Философ. Погоди, погоди, халат у меня ветхий, еле жив, а ты его дергаешь. Дай сказать хоть несколько слов. Не заботься ты так о своей одежде: с ней хорошо, а без нее, может, еще лучше. У птиц есть перья, у зверей — шерсть, а огурцы и баклажаны голые, но ничуть не страдают от этого. Словом, и в том, и в другом заключается верное и неверное.[440] Конечно, нельзя сказать, что следует ходить без платья, но разве можно сказать, что надо непременно носить платье?
Крестьянин (в ярости). Хватит болтать! Отдавай мои вещи, или я тебя укокошу! (Одной рукой продолжает держать мудреца, а другую сжимает в кулак и замахивается.)
Философ (взволнованно заслоняясь). Ты не смеешь действовать силой! Отпусти, а то я попрошу Повелителя судеб вновь умертвить тебя!
Крестьянин (презрительно усмехается и отпускает философа). Ладно, убивай меня. Иначе я заставлю тебя вернуть и одежду, и зонтик, и узел, в котором было пятьдесят две монеты, полтора цзиня сахару и два цзиня фиников.
Философ (сурово). Смотри, не успеешь даже пожалеть!
Крестьянин. Сам жалей, мерзавец!
Философ (решившись). Хорошо, раз ты так глуп, возвращайся к прежнему состоянию. (Обратившись лицом на восток, поднимает руки к небу и во весь голос кричит). Прими мои искренние, высочайшие почести, о божественный Повелитель судеб!
Земли жёлты, небо тёмно,
Вся вселенная огромна,
У светил — восход, закат…
Звезды выстроились в ряд.
Чжао, Цянь, Сунь, Ли,
Чжоу, У, Чжэн, Ван,
Фэн, Цинь, Чу, Вэй,
Цзян, Шэнь, Хань, Ян…
Великий старец, стремительный, точно указ!
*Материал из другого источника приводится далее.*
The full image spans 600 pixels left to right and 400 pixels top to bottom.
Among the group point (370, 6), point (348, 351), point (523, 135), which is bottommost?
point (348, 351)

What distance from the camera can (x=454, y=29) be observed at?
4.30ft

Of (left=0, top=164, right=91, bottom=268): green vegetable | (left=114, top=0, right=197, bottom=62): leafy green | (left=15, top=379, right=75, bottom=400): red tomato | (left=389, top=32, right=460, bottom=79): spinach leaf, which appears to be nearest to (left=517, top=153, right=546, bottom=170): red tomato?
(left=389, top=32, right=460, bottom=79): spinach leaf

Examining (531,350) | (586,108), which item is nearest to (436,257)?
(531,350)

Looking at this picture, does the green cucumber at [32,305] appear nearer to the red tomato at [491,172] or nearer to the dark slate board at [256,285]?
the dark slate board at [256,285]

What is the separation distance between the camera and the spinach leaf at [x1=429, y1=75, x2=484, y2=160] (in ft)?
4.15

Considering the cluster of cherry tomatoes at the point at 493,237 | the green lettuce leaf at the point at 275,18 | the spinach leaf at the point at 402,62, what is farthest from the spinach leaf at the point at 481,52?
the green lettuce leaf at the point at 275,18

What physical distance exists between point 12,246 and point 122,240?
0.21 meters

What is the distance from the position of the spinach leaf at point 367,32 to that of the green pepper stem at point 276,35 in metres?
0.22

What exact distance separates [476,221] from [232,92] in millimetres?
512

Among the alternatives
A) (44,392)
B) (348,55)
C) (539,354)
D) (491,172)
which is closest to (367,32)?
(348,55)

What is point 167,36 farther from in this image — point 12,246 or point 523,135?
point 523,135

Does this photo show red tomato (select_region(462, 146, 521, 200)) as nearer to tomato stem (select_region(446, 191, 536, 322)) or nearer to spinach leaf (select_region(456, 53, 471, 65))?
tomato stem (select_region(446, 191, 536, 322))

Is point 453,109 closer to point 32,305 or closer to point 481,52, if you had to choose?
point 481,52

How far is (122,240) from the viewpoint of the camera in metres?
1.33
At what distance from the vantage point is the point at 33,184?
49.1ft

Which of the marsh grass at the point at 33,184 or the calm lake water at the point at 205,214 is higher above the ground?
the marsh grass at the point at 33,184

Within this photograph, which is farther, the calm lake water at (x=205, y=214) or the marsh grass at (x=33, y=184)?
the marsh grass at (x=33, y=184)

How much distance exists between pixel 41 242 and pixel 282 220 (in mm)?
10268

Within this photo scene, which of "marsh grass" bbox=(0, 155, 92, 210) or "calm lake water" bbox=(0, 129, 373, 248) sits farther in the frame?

Появись! Появись! Появись!
Молчание, никакого отклика.
Великий старец! Появись! Появись! Появись!.. Появись!..
Снова никакого отклика. Чжуан-цзы оглядывается по сторонам и медленно опускает руки.
Крестьянин. Ну как, умер я или жив?
Философ (растерянно). Не знаю почему, но на этот раз заклинание не подействовало.